The Board of Education has a lot of freedom in drafting its AI policy, which it should use wisely. More importantly, it should include students and teachers at every step of the writing and decision making process, as they will be most affected by the finished product.
Under “Academic Integrity,” the Department of Education’s model policy says, “AI-enabled tools may be used to support student work (such as brainstorming or feedback), but AI-generated work must not
replace student work.” Advocates of AI integration in the classroom argue students will fall behind without the use of AI in school because they will eventually be forced to use it in their professional lives. Rather, the opposite is true: students will fall behind because of AI.
As children are encouraged to use generative AI to come up with ideas and organize their thoughts, they will lose critical thinking skills and their writing will suffer. A study published in Computers in Human Behavior found that although students using AI to complete research found the task easier, they reported lower mental effort, and their analyses were less thorough than those of students who did not use AI.

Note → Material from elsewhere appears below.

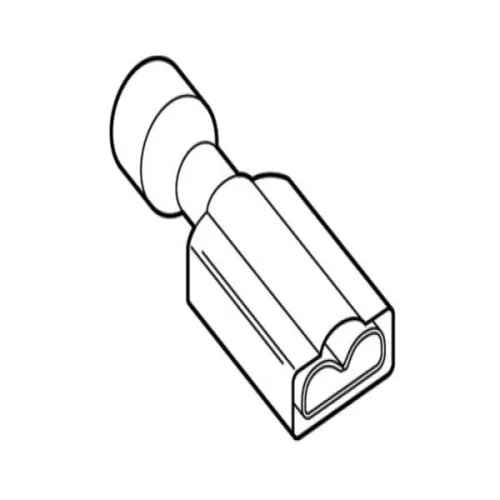 Best Price Panduit DNF14250FIBX-L Pan-Term® Loose Piece Disconnect - Stud - 16-14 AWG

What is most valuable in the workforce are skills that AI can perform for students in school and that students will lose as a result of the overuse of AI, like research and note-taking. Students could lose the ability to judge or reason if they rely on AI. School leadership has a responsibility to prepare students for their future, and encouraging them to use AI is irresponsible; it will do the opposite.
Furthermore, students do not need to be taught how to use generative AI. It is extremely intuitive. High school teachers do not teach students how to use their phones, computers or Instagram, so why should they teach students how to use AI?
The environmental impact of AI is unjustifiable. According to MIT News, generative AI uses mass amounts of electricity as it is trained and as people use it. Because AI requires advanced computing hardware, there is additional environmental impact from its production and delivery. Also, a significant amount of water is used to cool the hardware that runs AI, which affects municipal water supplies.
The Board of Education, in their creation of AI policy, has an opportunity to prevent, at least to a certain extent, further destruction of the environment. A policy supporting AI usage would unnecessarily put students’ futures at risk by supporting the destruction of valuable natural resources and creating students who will ignore ethical questions when considering using AI.
The School Board has an obligation to students to draft a policy that will best serve them. Students are dependent on the district to make thoughtful decisions. It is the Board’s responsibility to consider the negative impact AI will have on students’ education and cognitive development and act accordingly. It is important that the Board consider these factors and the opinions of students as they draft the policy that will affect students and educators as early as next school year.
Published and digitized February 2026.